Last night I opened the first of several bottles from Pierre Guillemot that purchased recently, red Burgundies from several vineyards in the village of Savigny from a producer known for delicate, perfumed, ageworthy wines. I opened this one - the 2009 Guillemot Savigny-les-Beaune Jarrons 1er Cru to get a read on it, and the others by extension, to listen and then to consider when the others might speak their best.

No surprise, this wine is an infant and was decidedly not singing. It was delicious, with a transparent but deep red raspberry color and a dusty through quiet aroma. Its perfume has not yet evolved, something careful aging should bring. The flavors were bright but rich, showing the warmth of the vintage, with a young, unresolved texture much like fruit that needs another day or two on the counter to smooth out and come together fully.

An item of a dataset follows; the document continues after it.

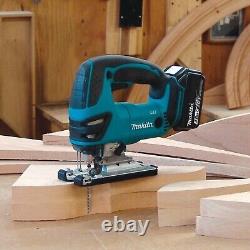 Makita DJV180Z 18v Top Handle Jigsaw LXT Lithium Ion Cordless + 6X Blades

The read on this wine? Leave it and presumably its siblings in the cellar for several more years. Not that you can't enjoy the wine now, and I did. Nor was any of this surprising - the wines of Guillemot always need time. So much more from this wine will come in time, or should. So much more of its story, what it really has to say. I'll be reading and listening, however long it takes. Reading requires patience, something I also don't always have a reputation for having...but how can you not when your devotion is wine.


SteveMcCa11 said...

Melissa and I were lucky enough to visit Guillemot in 2009. We spent a fun afternoon with Pierre Guillemot's son Vincent (what are the odds?), who took us out to several of their holdings and walked us through a tasting of several of their wines, including a '73 Serpentierres that was still kicking. Nice blog post, Vincent, and one that brings back fun memories of a producer who's one of our favorites.

Vincent Fritzsche said...

Thanks for the comment. Sounds like a great visit. And the odds on a French winemaker named Vincent? Actually I went ahead with my label name in part because it's such a common winemaker name. Not in the US, but seems like every other French winemaker is a Vincent. And I'm not complaining.

Vincent Rolleri said...

I have just came across your blog today and I love reading it! I'm 20 years old and an aspiring to be a next great winemaker. As you said above,the seed of passion has been planted in my name. Your blog is a huge inspiration for me as well as seeing what you are doing as a urban winemaker. Not being from a rich family, I have wondered a lot lately about how I will someday soon bust into the industry. It gives me options.

Thank you.
Vincent Rolleri

Vincent Fritzsche said...

Vincent, thanks for the comment. And that's a fine name you have. As you might see here, the way into this discipline of growing grapes and making wine doesn't require family background or lots of money. Just passion to work and persevere in your vision of producing great wine. Good luck and thanks for reading.